**Information provided:**
-- Opening Marker --
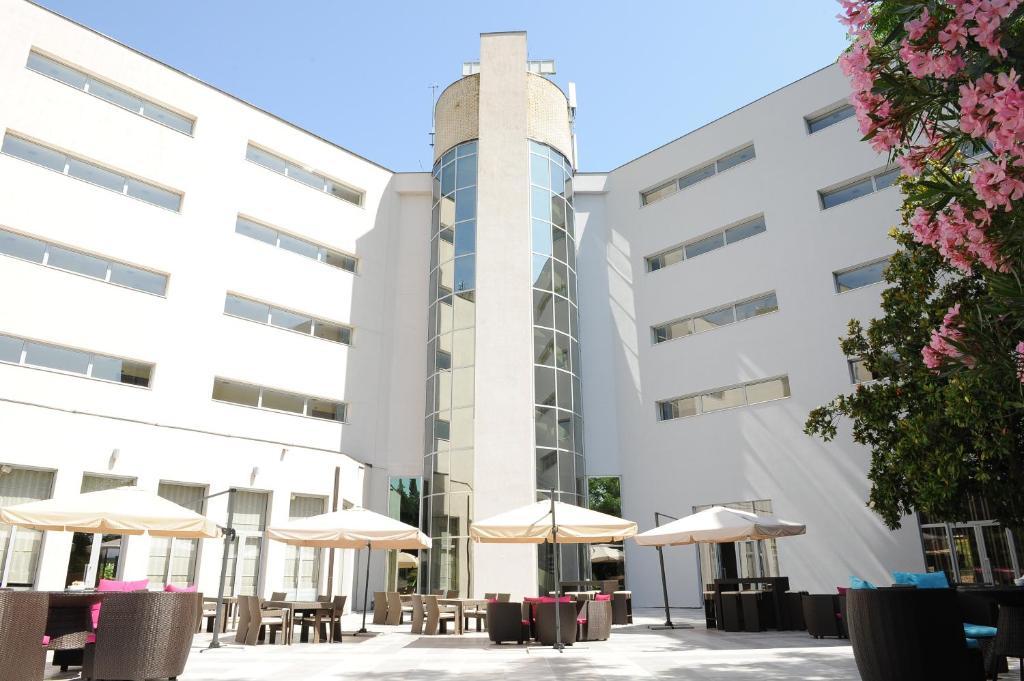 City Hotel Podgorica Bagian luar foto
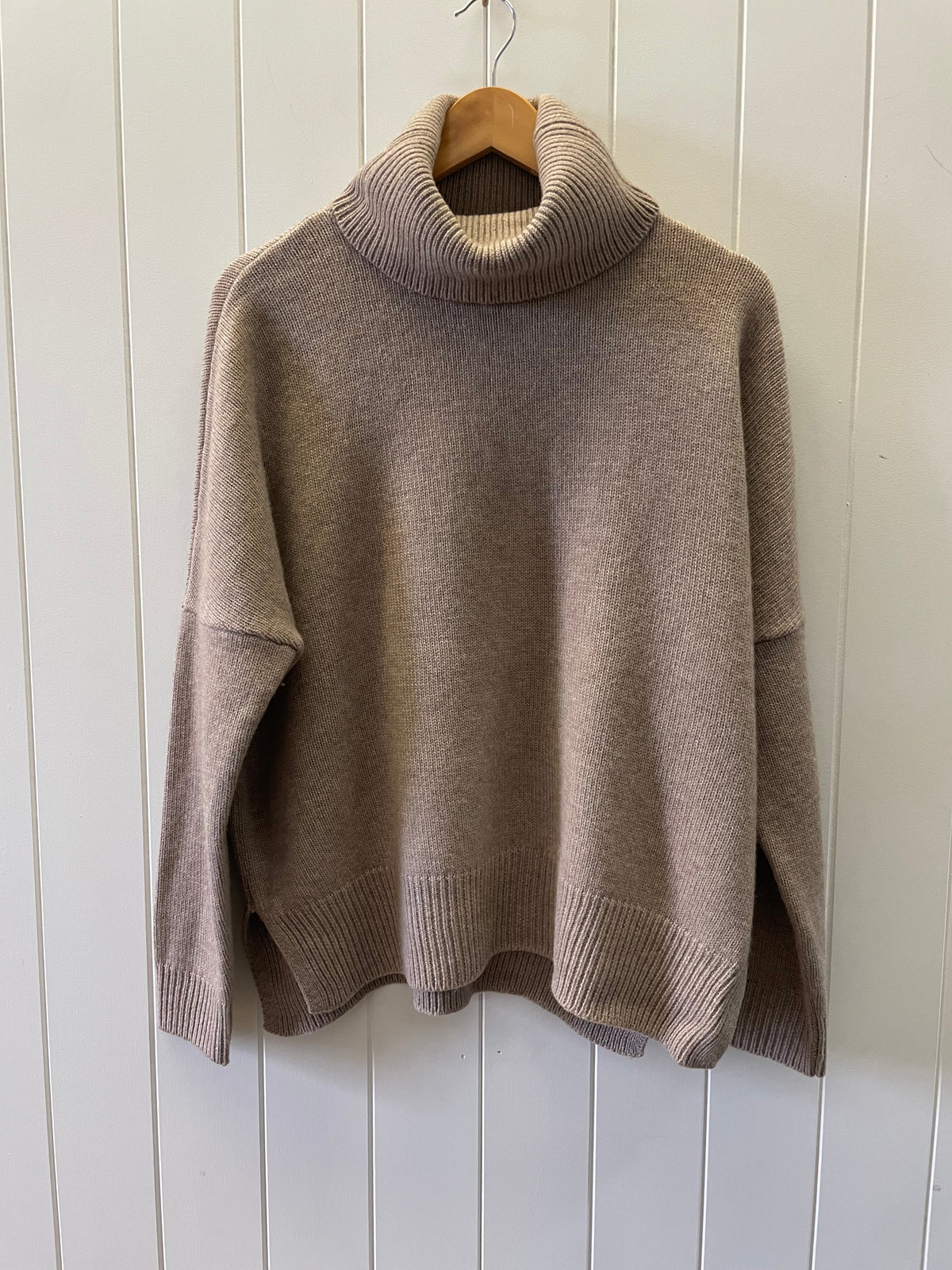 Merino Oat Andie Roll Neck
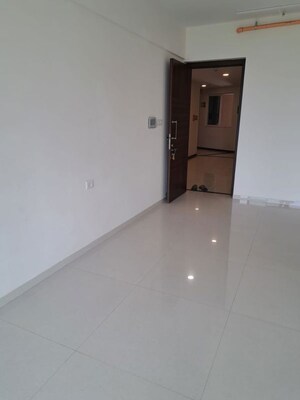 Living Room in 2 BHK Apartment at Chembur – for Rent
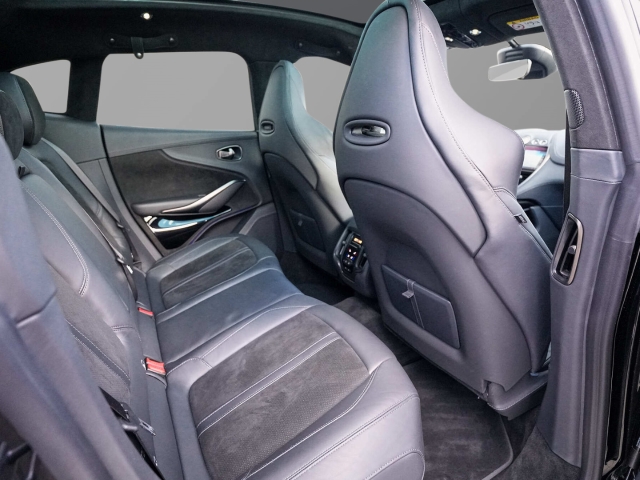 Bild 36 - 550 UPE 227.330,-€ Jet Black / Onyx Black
-- Closing Marker --
**Exercise objective:** In transcribing the lines above, omit the images and keep all else exact.

**Answer section:**
 City Hotel Podgorica Bagian luar foto
 Merino Oat Andie Roll Neck
 Living Room in 2 BHK Apartment at Chembur – for Rent
 Bild 36 - 550 UPE 227.330,-€ Jet Black / Onyx Black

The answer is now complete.